I am separately [[https://learn.gold.ac.uk/mod/feedback/view.php?id=613718][asking you for your feedback]] on some more specific
aspects of this term; please note that this questionnaire is *not*
anonymous, and that participation in it is entirely voluntary. If
you do feel able to participate in this survey, please do so by
*12:45* on *Monday 10th December*.
* String matching
The skeleton files and tests provided give you a framework for
implementing a number of different string matching algorithms. You
should implement naïve string matching and at least one of the
Rabin-Karp and Knuth-Morris-Pratt algorithms. You should also use
the ~OpCounter~ class to count the number of character read
operations; for example
: if(T[i] = P[j])
should add 2 to the counter, and
: h - T[i-1] + T[i+m-1]
should also add 2.
Note that ~make test~ in the ~09/~ lab bundle directory *only* tests
naïve string matching. You can test your implementations of other
algorithms by running the test driver and passing on the
command-line an argument naming the algorithm you want to test.
** Naïve string matching
First, implement naïve matching. Check your implementation for
correctness against the provided tests. Are the provided tests
sufficient to make you confident that your implementation is
correct? Add test cases to the table of tests if not (and send me
a merge request!)
Using the ~StringMatchCount~ program (or otherwise), measure the
number of character reads to perform a match in the worst case (for
example, matching a pattern of $m$ characters =aaa...aab= against a
text of $n$ characters =aaa...aaa=). Copy and complete the
following table:
| m | n | char reads (worst case) |
|------+------+-------------------------|
| 2 | 10 | |
| 5 | 10 | |
| 10 | 10 | |
| 2 | 100 | |
| 20 | 100 | |
| 50 | 100 | |
| 100 | 100 | |
| 2 | 1000 | |
| 20 | 1000 | |
| 200 | 1000 | |
| 500 | 1000 | |
| 1000 | 1000 | |
** Rabin-Karp string matching
Implement Rabin-Karp matching using the rolling hash function
\[ h(s_{i..i+m-1}) = \sum_{k=i}^{i+m-1} s_i \bmod 256 \]
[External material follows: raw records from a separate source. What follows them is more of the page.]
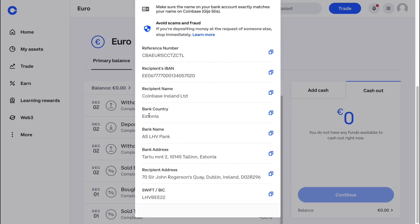When you scroll down a bit, you will see all of the information that you need. To do a wire transfer, just fill in all of this information and you will be able to complete your wire transfer. If you want to withdraw money from Coinbase via wire transfer, click on withdrawal and follow these same steps.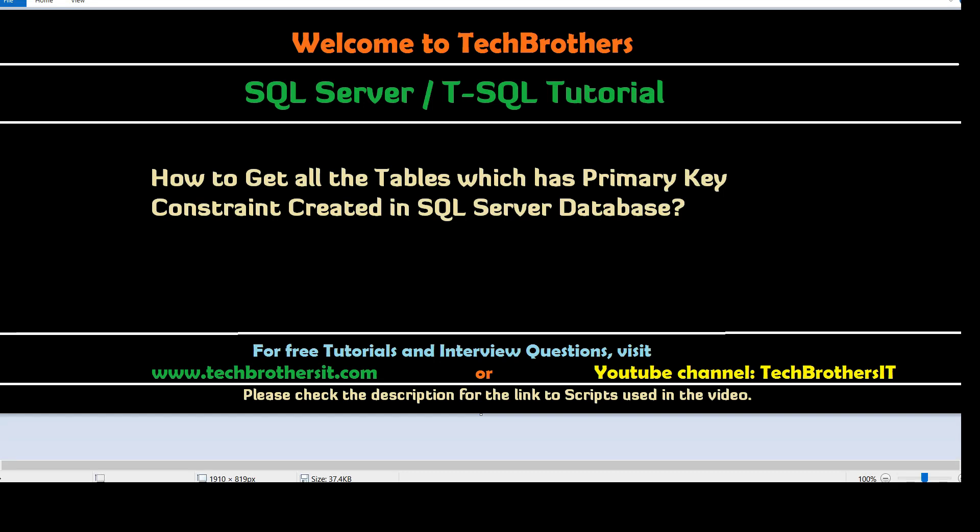Welcome to Tech Brothers with Amir. In this video, we are going to learn how to get all the tables which have primary key constraint created in SQL Server database.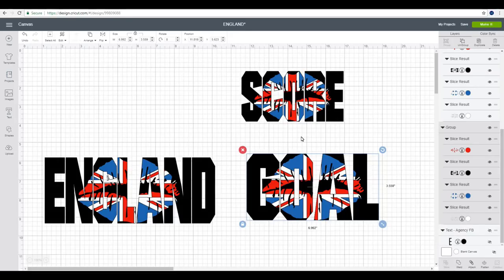Hi my lovelies! I hope you're all well. So we've looked at doing knockout text before with a single layered image and we've also looked at doing knockout shadow text before. So today I wanted to look at how we can do knockout using multiple layered images and it's actually really easy to do and it looks amazing.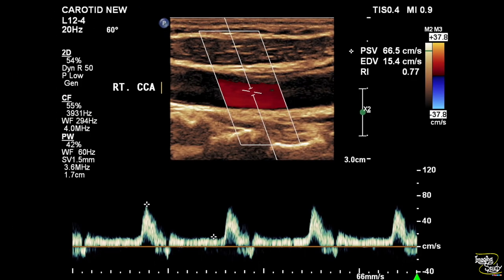Here's the right common carotid artery, which shows a multiphasic wave pattern. The flow velocity is within normal limits.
Use this implementation to investigate the number of character
reads in the best case (when the value of the hash function
applied to text substrings is always distinct from the hash value
of the pattern) and the worst case (when the value of the hash
function applied to text substrings always collides with the hash
of the pattern, without there being a match).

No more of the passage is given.